The deadly rail disaster that devastated an eastern Quebec town will drive the cost to ship oil by rail up, according to credit rating agency Moody's. PHOTO Transportation Safety Board of Canada

The Lac-Megantic disaster killed 47 in the small Quebec town in 2013. PHOTO Transportation Safety Board of Canada

MONTREAL—Canadian Pacific Railway is directly responsible for damages caused when a runaway train carrying crude oil derailed in 2013 in Lac-Megantic, according to new allegations recently filed in court by the Quebec government.

The railroad was responsible for the crude oil from the moment it picked up the shipment in the United States until the product’s final scheduled destination in New Brunswick, the province alleges.

Quebec is seeking to modify its $409-million lawsuit against CP to reflect the new allegations and will argue its case in court Nov. 8.

In July 2013, an unmanned train owned by Montreal Maine and Atlantic Railway Ltd. and running on the company’s tracks derailed and exploded in Lac-Megantic, killing 47 people and destroying part of the Quebec town’s downtown core.


CP maintains it has no responsibility for the disaster because it occurred after it handed off the train to MMA for the final leg of the journey to Atlantic Canada.

The Quebec government’s initial lawsuit against CP, filed in 2015, stated the railroad “should have known” the product being shipped was volatile and dangerous and “omitted to take the necessary steps to guarantee the crude didn’t cause damage to people or to the environment.”

Now, the Quebec government is taking a harsher line.

“Due to its agreement with the shipper, Canadian Pacific was, at all times, responsible for the crude oil from its point of initial possession until its delivery,” says Quebec’s amended lawsuit, which was filed last month.

“In these circumstances Canadian Pacific is directly responsible for the damages caused by MMA … additionally, Canadian Pacific is personally responsible for the damages caused by its own proper faults.”

CP rejected Quebec’s modification request and argued in its response, also filed in court, that the province’s motion “will unduly delay proceedings, (is) contrary to the interests of justice, and (is) useless and contrary to the principle of proportionality.”
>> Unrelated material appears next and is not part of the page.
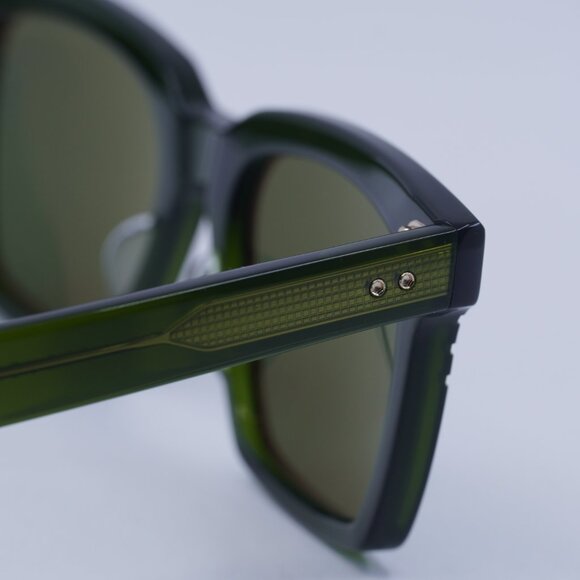 Dita DTS757-A-05 SEQUOIA Sunglasses Dark Green Square Frame, Green Lenses - Picture 4 of 9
A CP spokesman said the railway will not comment on the developments.

CP is the only company accused in the derailment to have refused to pay into a settlement fund for victims and creditors of the tragedy.

MMA didn’t have enough insurance to pay damages to victims and creditors, so it filed for bankruptcy in the United States and Canada. The settlement fund is tied to the bankruptcy proceedings on both sides of the border.

All the roughly 25 companies—except MMA—that paid into a $440-million fund received legal immunity from future prosecution related to the derailment.

CP’s court battles relating to the Lac-Megantic disaster extend beyond the Quebec government’s lawsuit.

The rail company is facing a class-action suit in Quebec Superior Court from victims and creditors of the disaster.

It is also dealing with two other claims in the United States totalling more than $200 million.